Copyright © 2008-2016 Exploring Binary

http://www.exploringbinary.com/fast-path-decimal-to-floating-point-conversion/

In general, to convert an arbitrary decimal number into a binary floating-point number, arbitrary-precision arithmetic is required. However, a subset of decimal numbers can be converted correctly with just ordinary limited-precision IEEE floating-point arithmetic, taking what I call the *fast path* to conversion. Fast path conversion is an optimization used in practice: it’s in David Gay’s strtod() function and in Java’s FloatingDecimal class. I will explain how fast path conversion works, and describe the set of numbers that qualify for it.

## An Unnormalized Form of Decimal Scientific Notation

Any number can be expressed in decimal scientific notation, a form where it is written as a product of its significant digits and a power of ten. Conventionally, the significant digits are expressed in normalized form, where the first digit is between 1 and 9, and any subsequent digits follow a decimal point. For example, 0.0926 would be written as 9.26 x 10^{-2}, and 7390 would be written as 7.390 x 10^{3}.
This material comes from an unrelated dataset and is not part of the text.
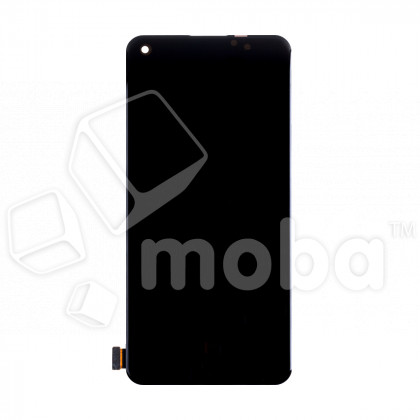 Дисплей для OPPO Reno 5 4G (CPH2159) в сборе с тачскрином Черный - (OLED)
In the context of decimal to floating-point conversion, a nonstandard, *unnormalized* form of scientific notation is used, where the significant digits are written as an integer. For example, 0.0926 would be written as 926 x 10^{-4}, and 7390 would be written as 739 x 10^{1}.

In this unnormalized form, there are two cases: one where the integer containing the significant digits is multiplied by a nonnegative power of ten, and one where it’s multiplied by a *negative* power of ten. It’s convenient to think of the latter case as a fraction, where the significant digits integer is *divided* by the corresponding *positive* power of ten. For example, 926 x 10^{-4} equals 926/10^{4}. These two cases — multiplication or division of an integer by a power of ten that is an integer — form the basis of fast path conversion.

## The Fast Path

For the fast path conversion process, we take a decimal number, represented as a string, and convert it to the nearest IEEE double-precision binary floating-point number. You can view this process as having two main steps. In the first step, floating-point integers *s* and *p* are created: *s* represents the significant digits of the decimal number (positive or negative), and *p* represents the corresponding nonnegative power of ten. In the second step, an IEEE floating-point multiplication or division (the fmul or fdiv instruction on Intel processors) operates on *s* and *p*, producing the desired double-precision result.

This process is guaranteed to work only when *s* and *p* are exactly representable in double-precision; this happens when their binary representations have no 1 bits beyond bit 53. The values of *p* that meet this criteria are 10^{0} ≤ *p* ≤ 10^{22}. The values of *s* that meet this criteria are, by definition, all floating-point integers. (Think of it this way: Take any floating-point integer and print all the digits of its decimal equivalent — that would be a valid value for *s*. For example, 52882540679000003517910258026656900519026609372478984461456769024, which is the floating-point integer 0x1.0119c58f25bc6p+215.)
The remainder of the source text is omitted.